Not necessarily that I need a boyfriend. Because I definitely have shown myself that I don’t need a man to succeed. Not that I’m going to settle for the next guy to smile at me. But, I’m at an age where a lot of my friends are in serious relationships and getting married, and it has me realizing that I actually do want that. (Honestly, a terrifying realization.) I see my siblings in their marriages, having their lives, and realizing that as close as we are, they don’t have the time for me that they used to.
There is a piece of me that having a partner will fill. I’m not looking for “my better half”, or anything like that. I’m looking for someone to share my life. To cook dinner, to grab brunch and catch an Eagles game. Someone to be there for the good days, and the not so good days.
Loneliness isn’t making me sad. It’s actually a good feeling. It’s one I haven’t felt in a long time. Loneliness means growth. Acceptance. It means I’m recognizing what is good for me, and what I deserve. It means that I am at a place in my life I haven’t been in a very long time. A place where I am able to fully allow someone in.

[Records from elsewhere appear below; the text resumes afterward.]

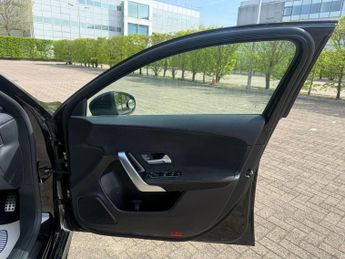 Mercedes-Benz A Class 1.3 A180 AMG Line Hatchback 5dr Petrol 7G-DCT Euro 6 (s/s) (136 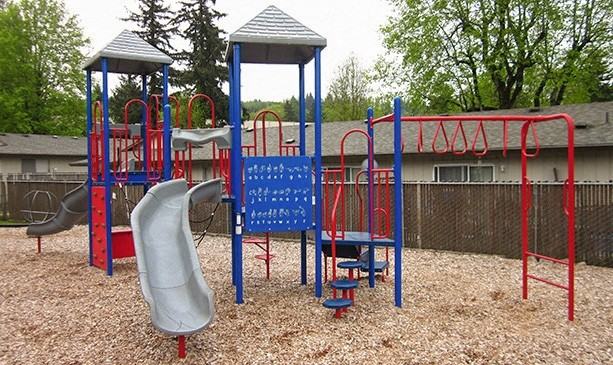 Bellrose Station - Photo 3 of 7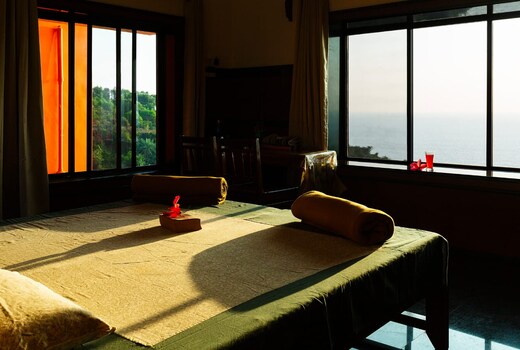 Simran's Seaview
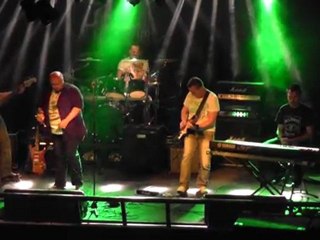 DELUXE - "Milion Dolarów" live Graffiti Lublin 20.05.2011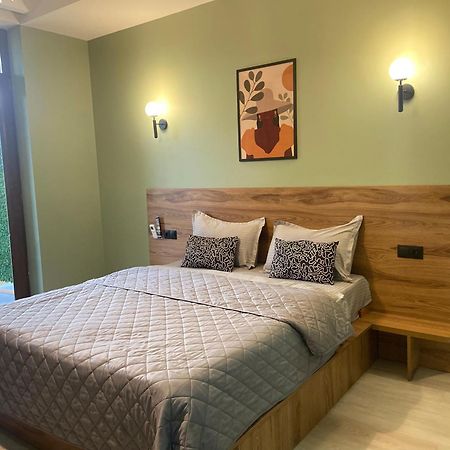 Hotel Graf T Tbiliszi Kültér fotó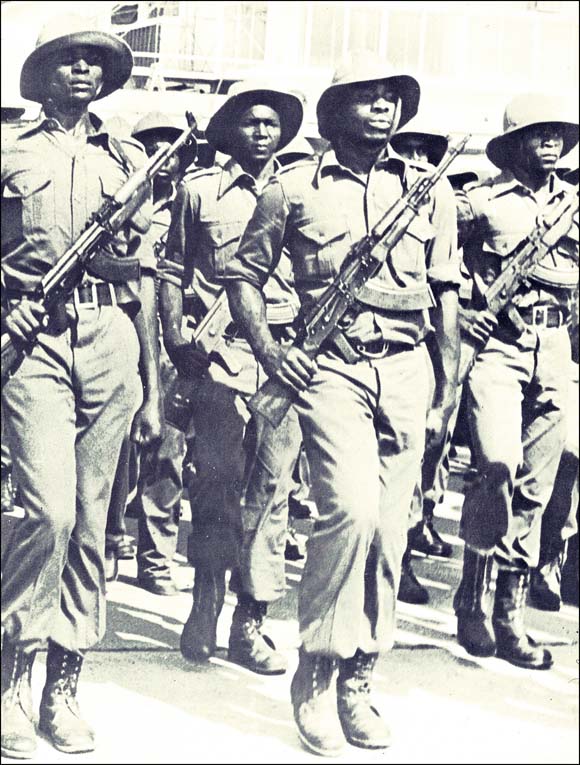 FPLM soldiers marching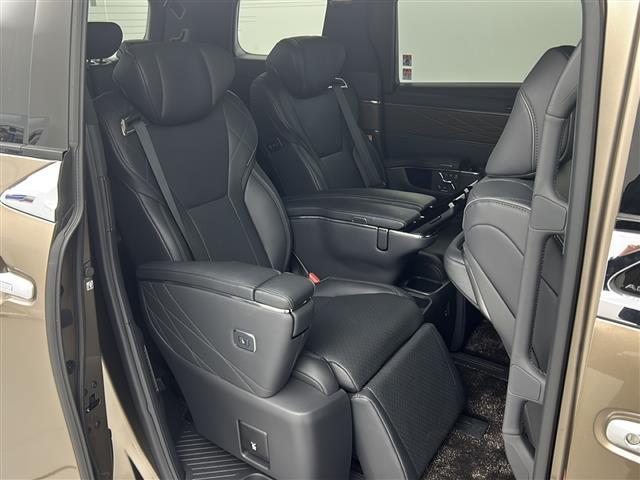 アルファードハイブリッド エグゼクティブラウンジ 禁煙車/純正14型ナビ/ツインムーンルーフ/後席モニター/チームメイト/ユニバーサルステップ/全周囲カメラ/デジタルインナーミラー/DVD再生/全席温冷シート/全席パワーシート/本革シート/ドラレコ(14枚目)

Again, this doesn’t mean I’m going to settle for the next guy who talks to me. I’m not desperate. In fact, I’m far from it. I’m trying to enjoy all seasons of my life, and this one of them. (As much as I joke that I hate it, and give up, and am going to just get a few more cats and call it a day.)
I’m going to be so picky. I’m going to date. I’m going to have my heart hurt. But, I’m going to find the right person for me. Not the perfect person, because perfect doesn’t exist. I’m going to be lonely until I find what is best for me.
Being lonely is forcing me back to old habits that I got away from. I’m back to dating myself. I’m trying not to focus on finding someone. I’m going to let someone find me. I’m going by myself to get dinner or a beer. I’m going to go out Sunday for coffee alone, and then to the bar for a beer and to watch the Phillies play. I’m not going to stay at home because no one is around to go with me. I’m not going to wish I had more friends. I have enough friends. They are just busy.
Yes, being lonely does suck. There is no denying that. As much as I am enjoying this time, I’m only human. I see my friends in their relationships. My friends who aren’t hanging out with me because they are with their boyfriends, girlfriends, fiancés or spouses. There’s times I throw myself a little pity party about it. Times I pull up the online dating apps hoping for a match. But, after a brief moment of weakness, I remind myself that I’m a badass woman who doesn’t need a man. I don’t want to meet someone at a time of weakness. I want to meet someone when I am feeling my best and most confident about where I’m at in my life.
Feel lonely, because it mean’s you’re feeling, and that’s what is most important.